As I thought about it, I realized it was that different environment. Ukraine is a very different place to live in than the US is, that's for sure. A different culture, a different kind of people, a different set of foods, languages, and customs.

My time in Ukraine taught me to take everything as a blessing. You had an apartment that had a working stove, shower, laundry machine, DVD player and two bedrooms? You were lucky! A run to McDonald's or finding a food similar to something back in America at the grocery store? Culinary miracles!

Part of what formed that perception was the way I saw life in the orphanage and the surrounding towns. Within a 30-45 minute drive from where we were staying to the orphanage, you'd see things deteriorate from well-off city dwellings to slums. Amongst those slums, a select group of wealthy people had built sprawling compounds in tiny little backwoods towns. You saw that even if some things about your dwellings weren't perfect or up to your expectations, you still didn't have anything to complain about. When I thought about my American standards of living, I felt flat-out sick. I had lived in such privileged surroundings all of my life without even realizing it.

I'll never forget reading the chapters in The Hunger Games when Katniss, a girl from a poor mountain town, first experiences the lush metropolis known as The Capitol, the center of the post-apocalyptic country where she lives. She sees people eating foods her neighbors couldn't dream of affording. She sees people dressing in extravagant clothes and living in dwellings only the highest government officials in her home town could think of. All she can think of is how ridiculously extravagant life in the Capitol is. How over-the-top perfect people have tried to make life there appear.

It all appears to be nothing more than unnecessary decadence.

Despite having never left the US since my trip to Ukraine, those same feelings Katniss experienced have never left me as I think about Ukraine (or any third-world country) compared to America. Every time I go to the store and shop for clothes, every time I go to a McDonald's and get myself a big chicken sandwich and a caramel mocha shake, every time I look at photography gear that costs hundreds upon thousands of dollars, a little voice in the back of my head is nagging at me: Is this all necessary or right when there are people in Africa using flattened water bottles with strings for sandals and orphans lying for days in cribs wasting away?
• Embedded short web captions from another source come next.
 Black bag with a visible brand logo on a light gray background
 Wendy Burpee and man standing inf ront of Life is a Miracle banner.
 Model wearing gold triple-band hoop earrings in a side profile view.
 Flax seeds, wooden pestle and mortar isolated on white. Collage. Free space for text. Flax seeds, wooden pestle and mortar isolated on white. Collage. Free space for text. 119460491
To be sure, when God has put us in a time and place to enjoy a level of earthly happiness or stability there is nothing wrong with thankfully enjoying it so long as we are seeking Him and His will through everything. But are there not times when we flounder in unnecessary decadence? Are there not times when we forget that God through Jesus and the authors of Sacred Scripture told us to care for the poor?  Do we not sometimes forget that all too easily? In stead of getting a Starbucks coffee in the morning, a Coca-Cola for lunch and another flavored beverage for dinner, I could drink water for a week and give that money I would have spent to an organization that's providing clean water wells in Africa. Trust me, I know from personal experience, the tiny amount of money you think you spend on your favorite food/drink/magazine or tv subscription/etc. will turn into a pretty substantial amount that can make a difference in someone's life fast.

Brothers and sisters, I challenge us all to live a life as devoid of unnecessary decadence as possible. While we are undoubtedly entitled to enjoy the life and the gifts God has showered down on us all, I challenge us to enjoy those gifts in consideration of those less fortunate than us and in awareness of Jesus' call to defend orphans and widows. If we all, as the Body of Christ and the Human Race as a whole, banded together and lifted each other up, rising past the allure of leading the most comfortable lives we can, I daresay the world would be a better place, a more love-filled place.

"Jesus answered, 'If you want to be perfect, go, sell your possessions and give to the poor, and you will have treasure in heaven. Then come, follow me.'" Matthew 19:21.